* [Qemu-devel] [PATCH] sh4-linux-user: fix multi-threading regression.
@ 2012-03-26 13:07 Cédric VINCENT
  2012-03-26 17:23 ` Peter Maydell
  2012-03-30 13:36 ` [Qemu-devel] [PATCH] sh4-linux-user: fix multi-threading regression cedric.vincent
  0 siblings, 2 replies; 6+ messages in thread
From: Cédric VINCENT @ 2012-03-26 13:07 UTC (permalink / raw)
  To: qemu-devel; +Cc: Cédric VINCENT, Riku Voipio
This reverts commit fd4bab10 "target-sh4: optimize exceptions": the
function cpu_restore_state() isn't expected to be called in user-mode,
as a consequence it isn't protected from race conditions.  For
information, syscalls are exceptions on Linux/SH4.

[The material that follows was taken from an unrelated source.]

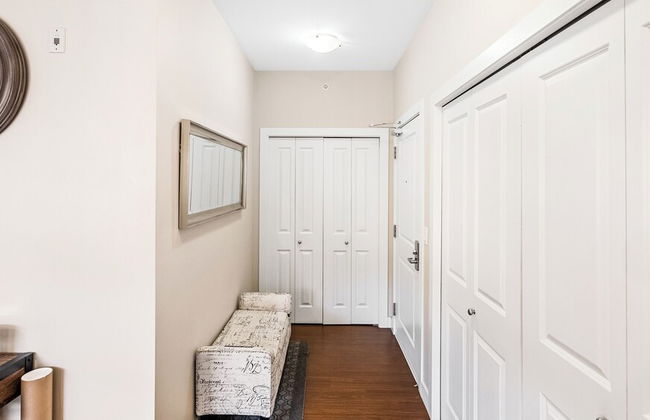 Top Floor Lake View Condo at Copper Sky - Foto 1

There were two possible fixes: either "tb_lock" is acquired/released
around the call to cpu_restore_state() [1] or the commit that
introduced this regression is reverted [2].  The performance impact of
these two approaches were compared with two different tests:
    +-------------------------+--------+-----------------+-------------------+
    |                         | v1.0.1 | [1]      v1.0.1 | [2]        v1.0.1 |
    | Test                    |        | + tb_lock patch | + reverted commit |
    +-------------------------+--------+-----------------+-------------------+
    | bzip2 17MB.mp3 (v1.0.5) |   ~46s |            ~46s |              ~46s |
    | df_dok/X11 (v1.4.12)    |  crash |           ~257s |             ~256s |
    +-------------------------+--------+-----------------+-------------------+
Since I didn't see any performance impact, I prefered not to add extra
calls to spin_lock/spin_unlock that were specific to the user-mode.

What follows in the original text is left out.